Catchpoint’s benchmark report evaluated 20 of the world’s largest athletic footwear and apparel brands compiled by global revenue rankings. All data was collected between Aug. 1 and Aug. 31, 2025. The monitored pages were the public homepages of each company, considered the first touchpoint for most consumers. The homepages provided a standardized basis for comparison, capturing visitor experiences from each brand’s digital storefront.

The tests were also conducted from 123 global monitoring locations across six continents, including 26 in North America and 97 across the U.K., Germany, India, Japan, Australia, South Africa and Brazil. Networks tested include cloud, wireless, last mile ISP (running on actual residential broadbank networks) and backbone agents that are in Tier 1 and Tier 2 ISPs that provide core Internet data on global trends, routing anomalies and CDN-level outages.
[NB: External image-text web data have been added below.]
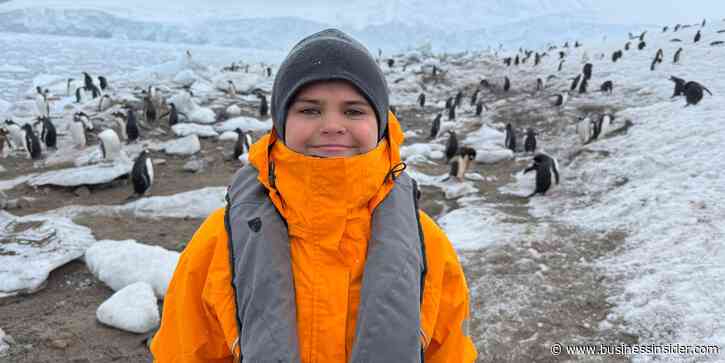 My 14-year-old does online school while traveling the world. He's more prepared for real life than most adults I know.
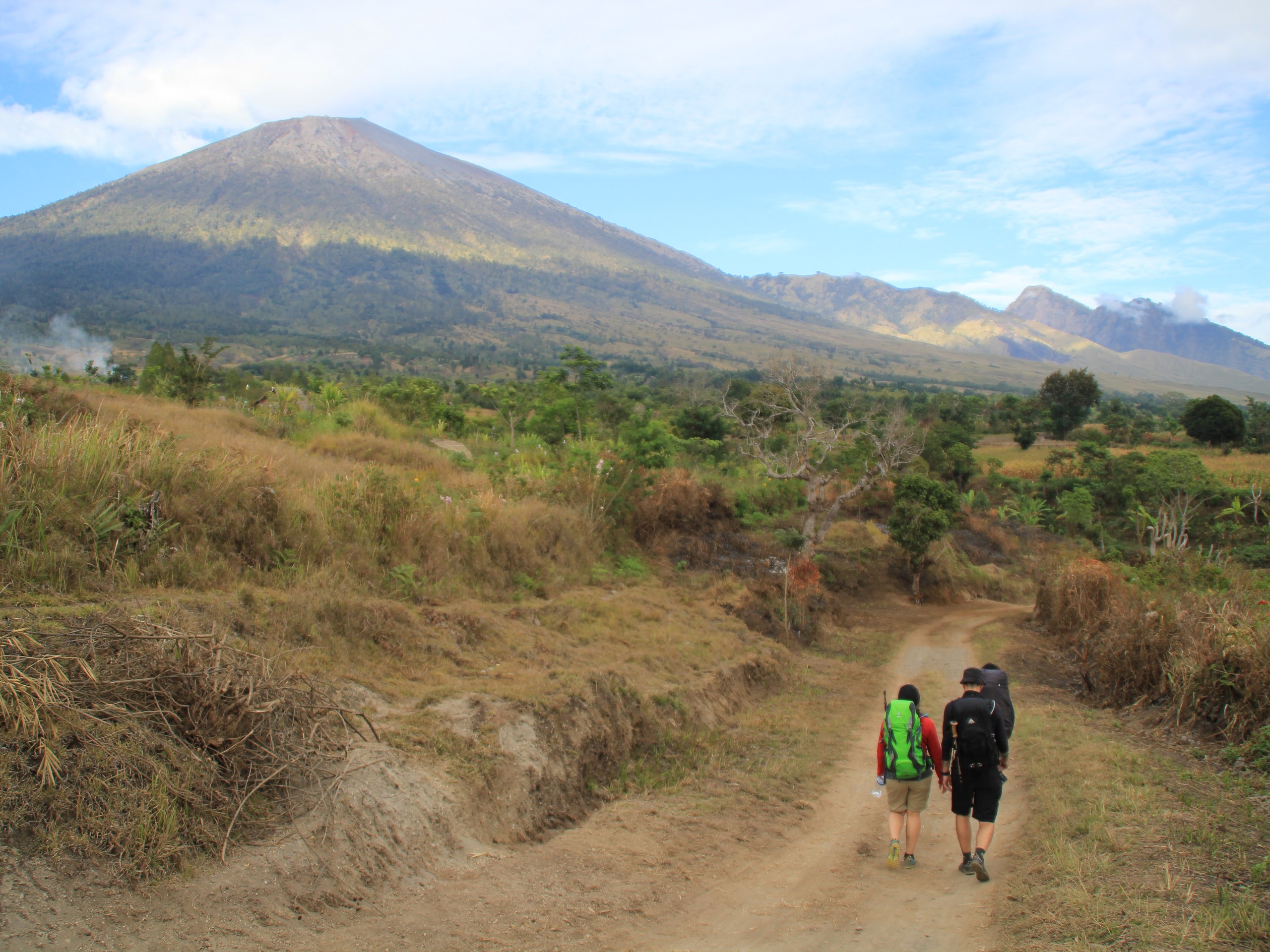 Lombok - Rinjani Trekking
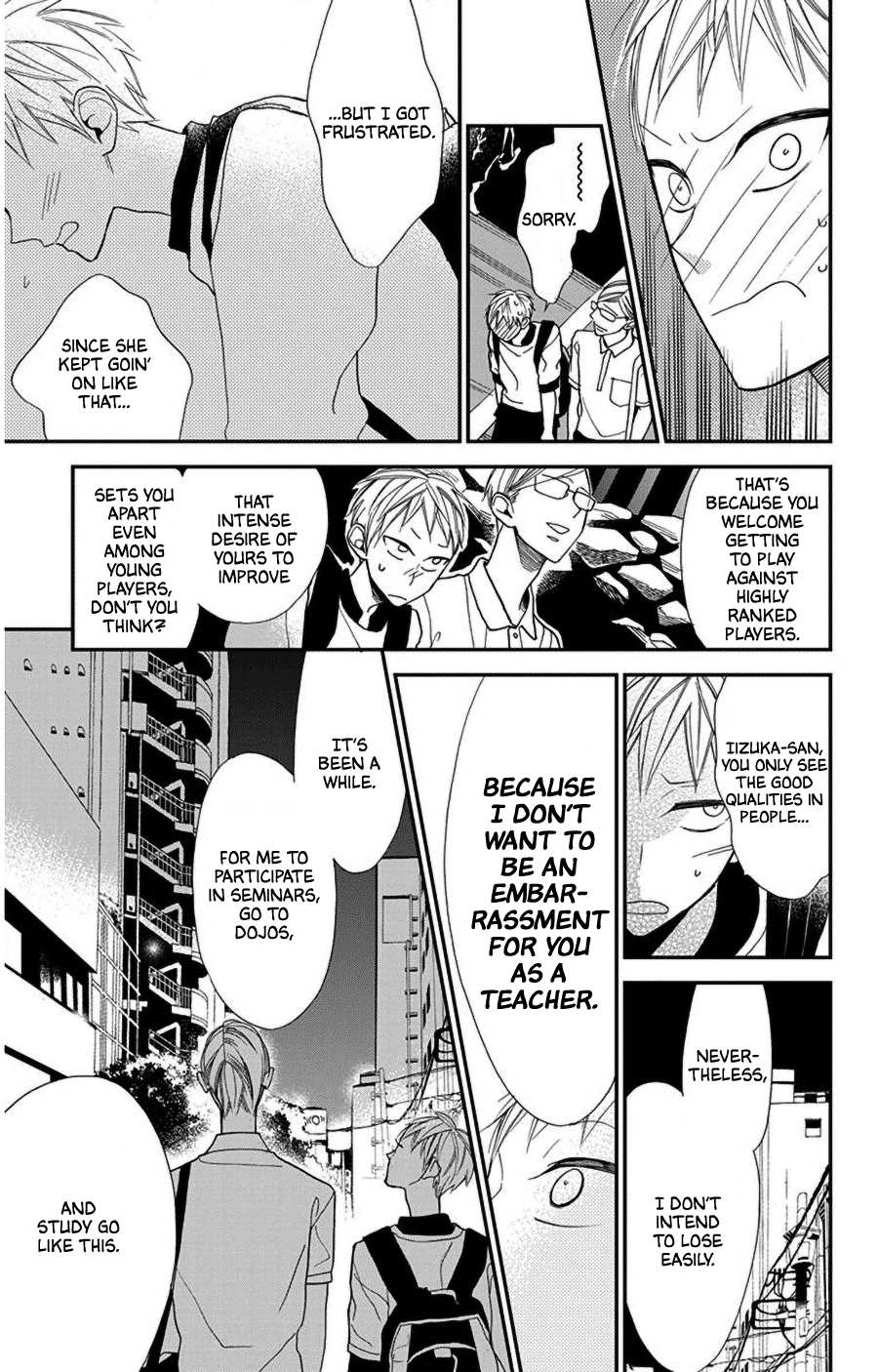 Hoshizora No Karasu - Vol.7 Chapter 41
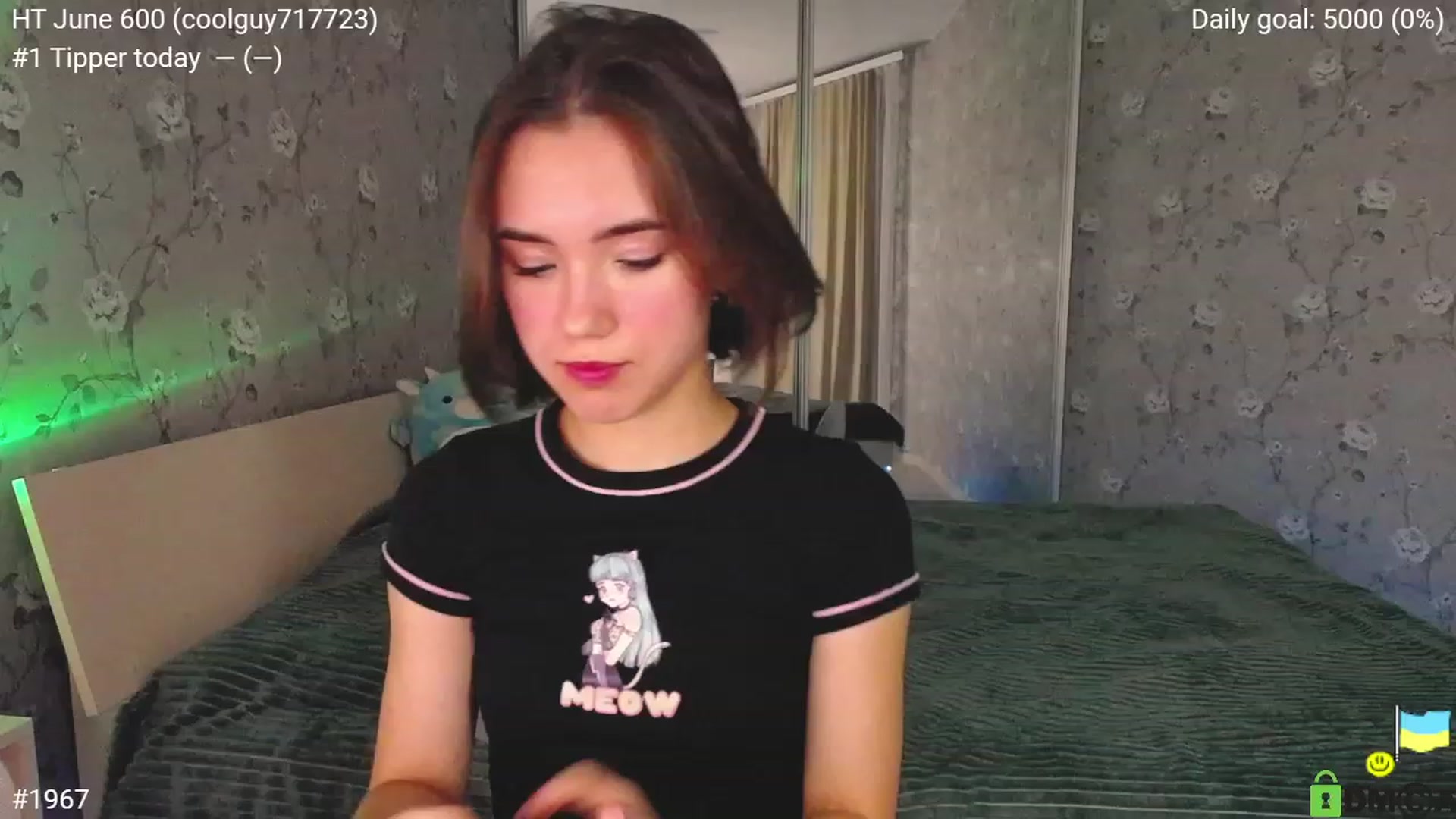 Gallery image thumbnail from tenderlyPoli's myfreecams stream on, 06/29/2023, 20:45 image 1 of 20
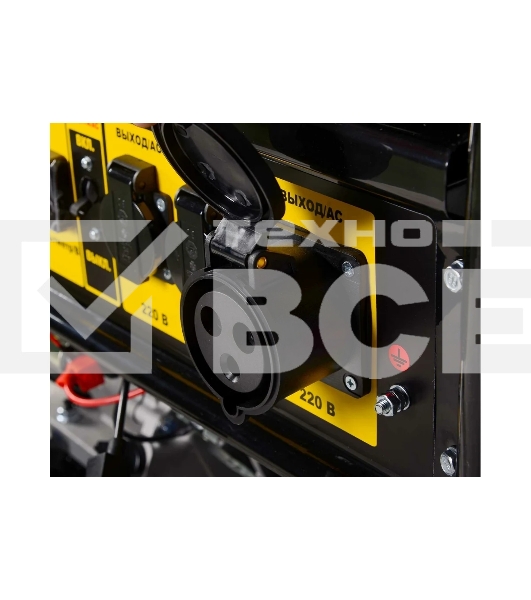 Генератор дизельный Huter DY11000LX 9кВт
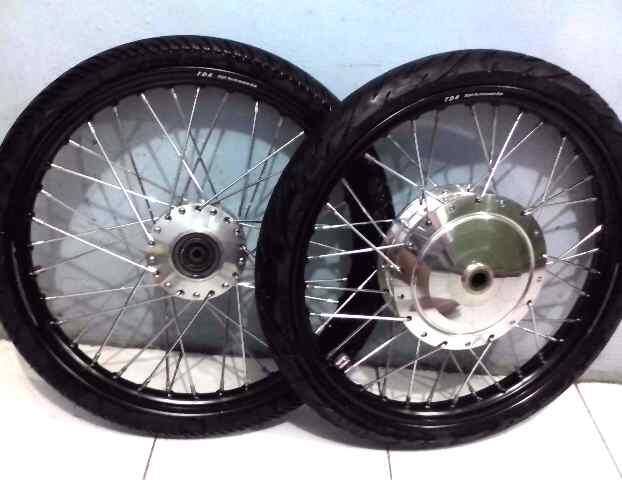 velg tdr ershape mio,fino or nouvo hitam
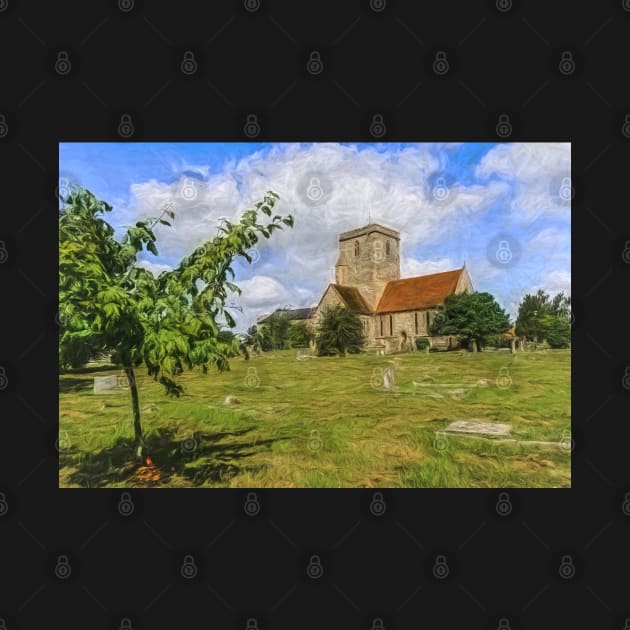 The Church Of St Mary at Cholsey by IanWL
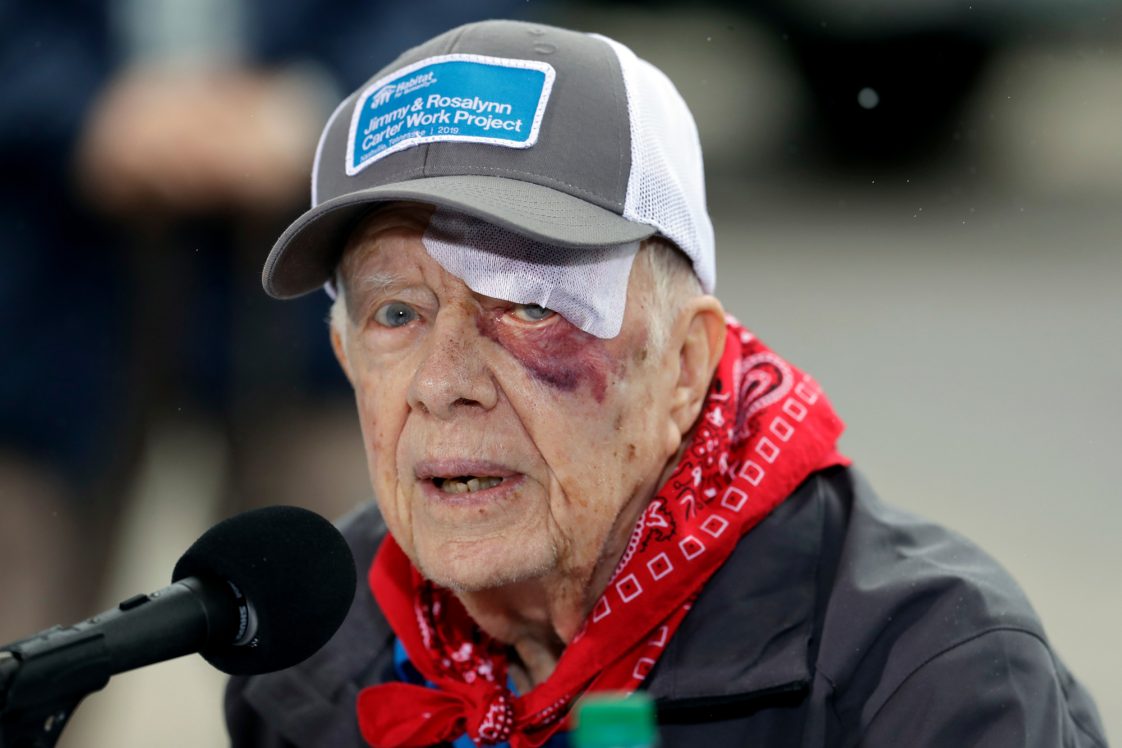 Jimmy Carter Shares He Is 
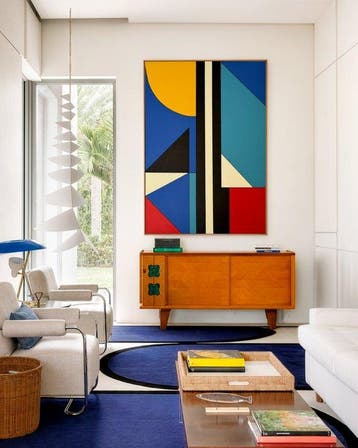 Alejandro Gonzalez - ABSTRACCIÓN MODULAR 288 - XL - (NO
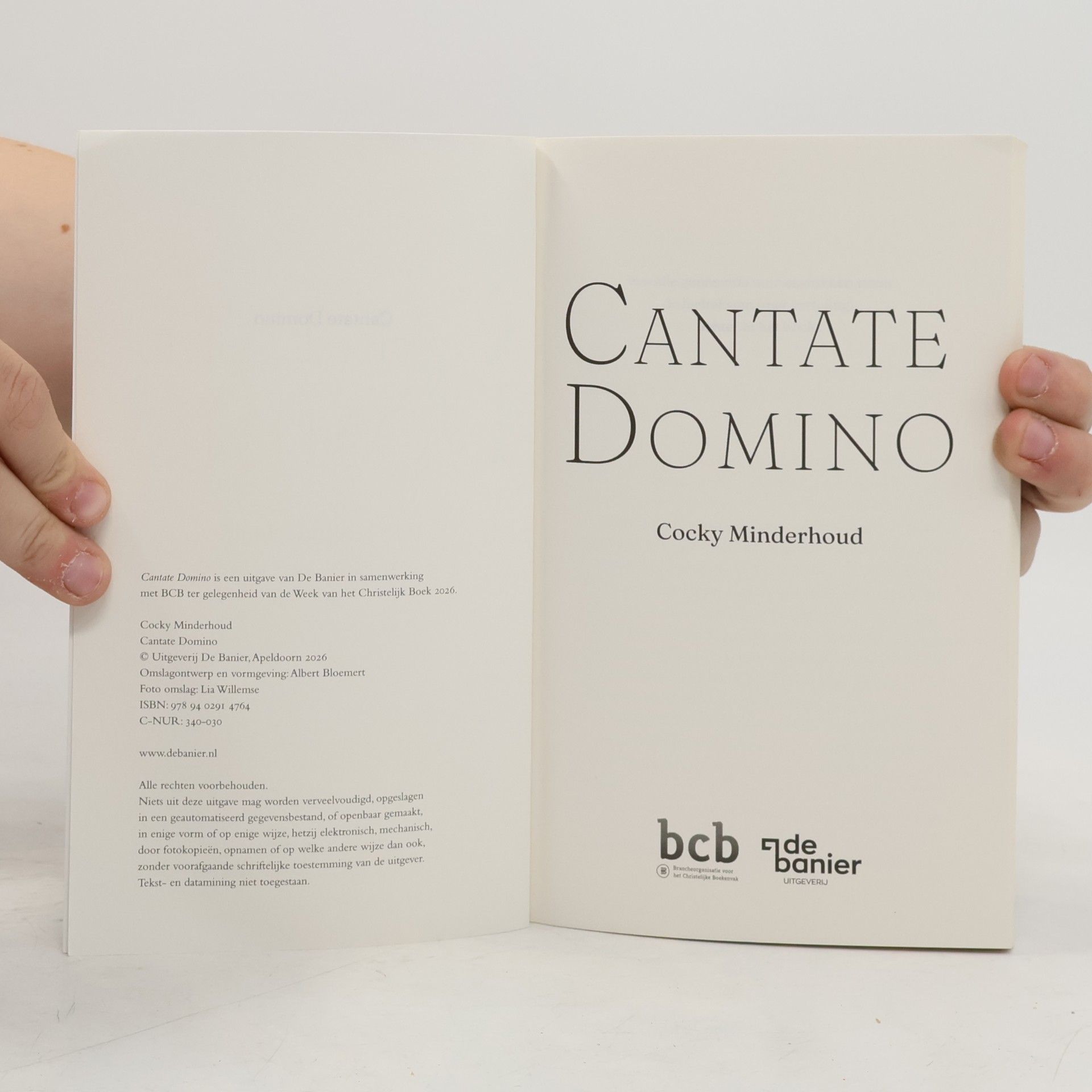 Cocky Minderhoud Cantate Domino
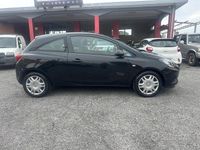 Begagnad Opel Corsa Innovation 90 HK (66 kW) 2016 Svart Halvkombi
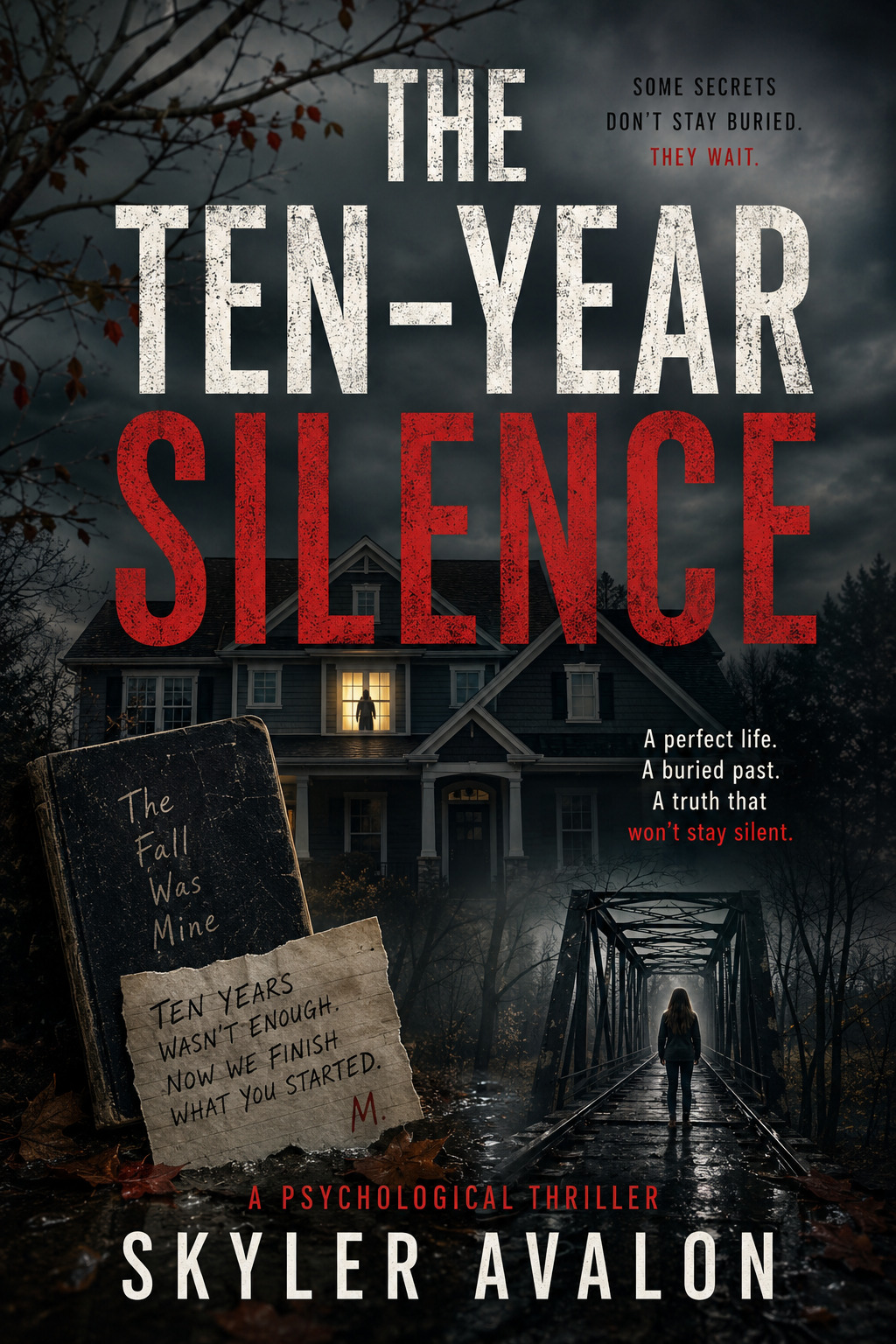 The Ten-Year Silence cover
Nike is aware that it can do better on the digital front. Its first-quarter results were better than Wall Street’s estimates, reflecting progress in its turnaround. The brand’s CEO Elliott Hill said that the quarter saw the brand focus on early priorities that include running, North America and its wholesale partners. He said the company still needs to work on its China business and Nike Digital.

Saucony’s parent Wolverine World Wide Inc. reported a strong second quarter in August. Saucony’s net sales for the period rose 41.5 percent for the quarter to $144.3 million from $102.0 million a year-ago. Among other financial data points, international revenue was up 15.7 percent to $250.0 million, while direct-to-consumer revenue was down 1.6 percent to $111.6 million. While company CEO Christopher E. Hufnagel didn’t talk about digital during the company’s conference call, he did note that the firm is embracing a “new growth-focused mindset” that includes the Saucony brand advancing its key city strategy. The strategy includes openind stores in Harajuku, Tokyo, and in Covent Garden in London. The company also signed a lease for its third store in Paris that will open next year. Wolverine also owns the Merrill and Sweaty Betty brands.

At Deckers Brands, its Hoka athletic shoe brand has been on a growth trajectory, with first quarter net sales up 19.8 percent to $653.1 million that helped drive overall net sales for Deckers to $964.5 million over the same period, or up 16.9 percent. The strong performance of Hoka is expected to again fuel a strong second quarter.

Separately, when the Catchpoint data collection was done in August, Skechers was still a publicly-traded firm. Since then, the shoe firm became a private company following the closing of the $9 billion transaction that saw Skechers get acquired by Brazilian private equity firm 3G Capital.